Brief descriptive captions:

=== Begin Enclosure ===

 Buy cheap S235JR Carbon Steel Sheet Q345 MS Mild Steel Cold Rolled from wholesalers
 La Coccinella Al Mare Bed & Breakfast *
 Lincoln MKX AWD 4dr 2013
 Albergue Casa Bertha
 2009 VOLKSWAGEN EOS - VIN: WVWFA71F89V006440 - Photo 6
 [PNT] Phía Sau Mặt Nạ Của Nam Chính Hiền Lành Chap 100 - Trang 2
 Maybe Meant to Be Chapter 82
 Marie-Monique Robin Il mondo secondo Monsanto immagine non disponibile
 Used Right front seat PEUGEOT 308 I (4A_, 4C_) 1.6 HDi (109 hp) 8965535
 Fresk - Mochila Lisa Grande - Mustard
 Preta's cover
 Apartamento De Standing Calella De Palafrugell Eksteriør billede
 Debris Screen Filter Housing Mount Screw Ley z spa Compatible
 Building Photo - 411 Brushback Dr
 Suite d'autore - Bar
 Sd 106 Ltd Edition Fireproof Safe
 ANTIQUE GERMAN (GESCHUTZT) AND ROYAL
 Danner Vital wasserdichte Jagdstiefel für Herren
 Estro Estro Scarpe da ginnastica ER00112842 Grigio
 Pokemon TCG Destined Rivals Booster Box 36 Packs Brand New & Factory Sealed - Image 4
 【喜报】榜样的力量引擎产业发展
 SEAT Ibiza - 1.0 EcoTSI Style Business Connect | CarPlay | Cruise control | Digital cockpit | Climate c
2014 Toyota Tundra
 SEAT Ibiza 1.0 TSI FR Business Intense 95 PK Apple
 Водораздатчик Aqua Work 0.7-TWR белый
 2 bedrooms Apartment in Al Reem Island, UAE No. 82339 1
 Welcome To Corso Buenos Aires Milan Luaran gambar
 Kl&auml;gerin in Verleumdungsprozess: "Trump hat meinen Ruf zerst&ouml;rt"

=== End Enclosure ===

What you will do: Beginning with the line that has "Suite d'autore - Bar", set down each line through the last one above, exactly, and nothing else.

Expected output:
 Suite d'autore - Bar
 Sd 106 Ltd Edition Fireproof Safe
 ANTIQUE GERMAN (GESCHUTZT) AND ROYAL
 Danner Vital wasserdichte Jagdstiefel für Herren
 Estro Estro Scarpe da ginnastica ER00112842 Grigio
 Pokemon TCG Destined Rivals Booster Box 36 Packs Brand New & Factory Sealed - Image 4
 【喜报】榜样的力量引擎产业发展
 SEAT Ibiza - 1.0 EcoTSI Style Business Connect | CarPlay | Cruise control | Digital cockpit | Climate c
2014 Toyota Tundra
 SEAT Ibiza 1.0 TSI FR Business Intense 95 PK Apple
 Водораздатчик Aqua Work 0.7-TWR белый
 2 bedrooms Apartment in Al Reem Island, UAE No. 82339 1
 Welcome To Corso Buenos Aires Milan Luaran gambar
 Kl&auml;gerin in Verleumdungsprozess: "Trump hat meinen Ruf zerst&ouml;rt"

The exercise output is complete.